→ What you need to do
Pictures stay out of the copy; output exactly the lines from the one containing "Students measure salinity" through the end of the material.

Content starts

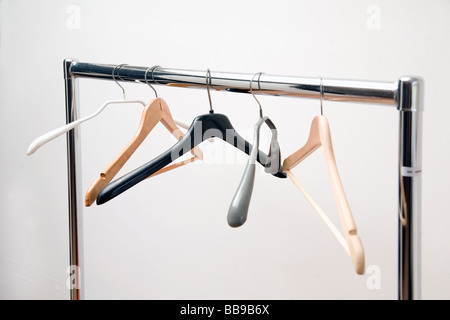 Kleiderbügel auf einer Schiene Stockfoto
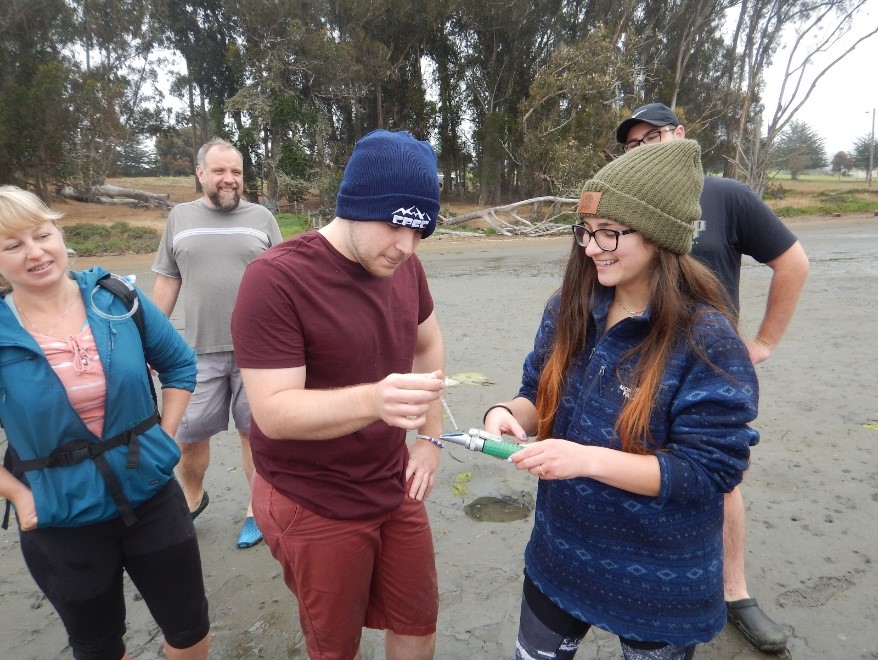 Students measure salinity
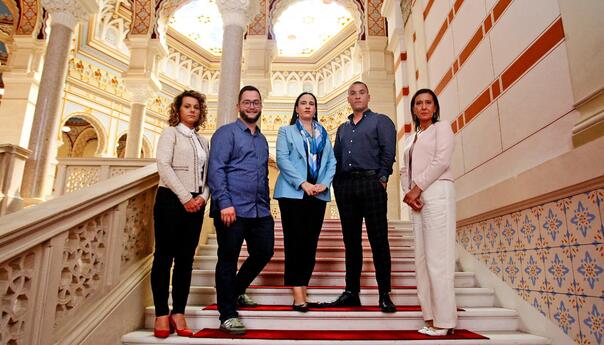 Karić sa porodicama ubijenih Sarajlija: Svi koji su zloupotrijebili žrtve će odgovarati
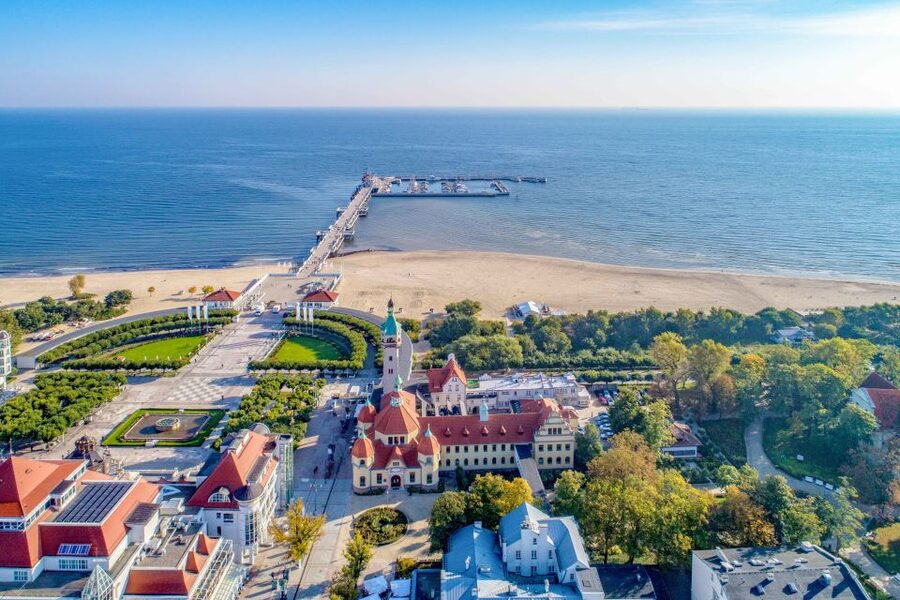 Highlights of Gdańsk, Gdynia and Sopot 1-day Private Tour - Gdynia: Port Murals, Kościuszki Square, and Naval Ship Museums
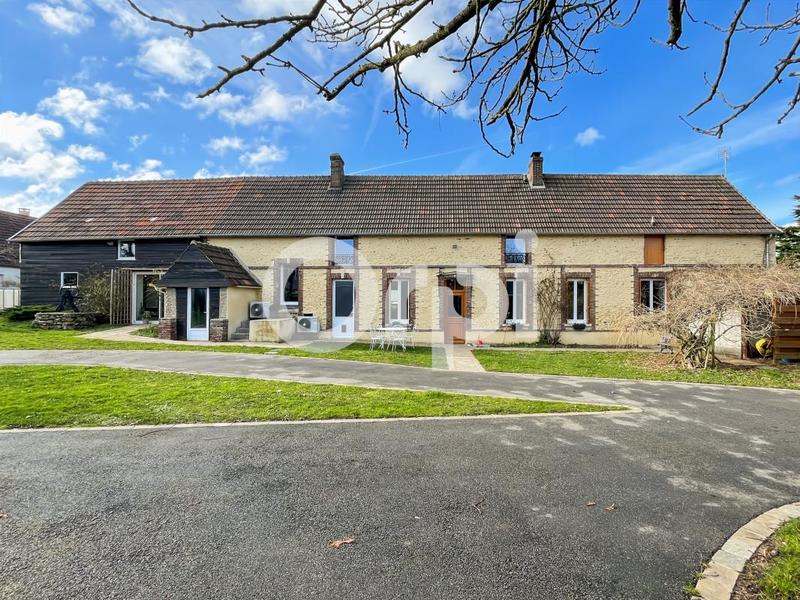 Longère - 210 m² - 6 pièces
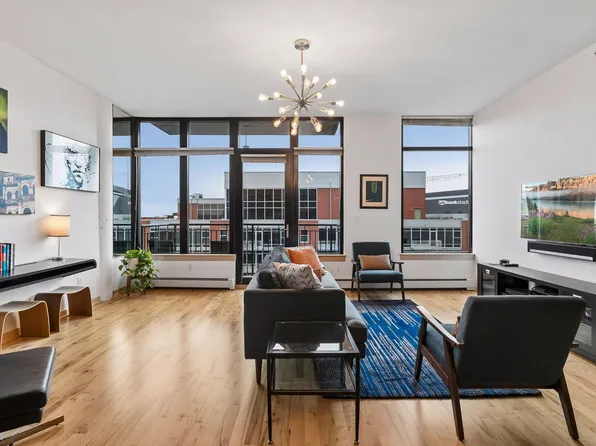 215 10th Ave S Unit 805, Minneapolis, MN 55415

Content ends

→ Output for this task
 Students measure salinity
 Karić sa porodicama ubijenih Sarajlija: Svi koji su zloupotrijebili žrtve će odgovarati
 Highlights of Gdańsk, Gdynia and Sopot 1-day Private Tour - Gdynia: Port Murals, Kościuszki Square, and Naval Ship Museums
 Longère - 210 m² - 6 pièces
 215 10th Ave S Unit 805, Minneapolis, MN 55415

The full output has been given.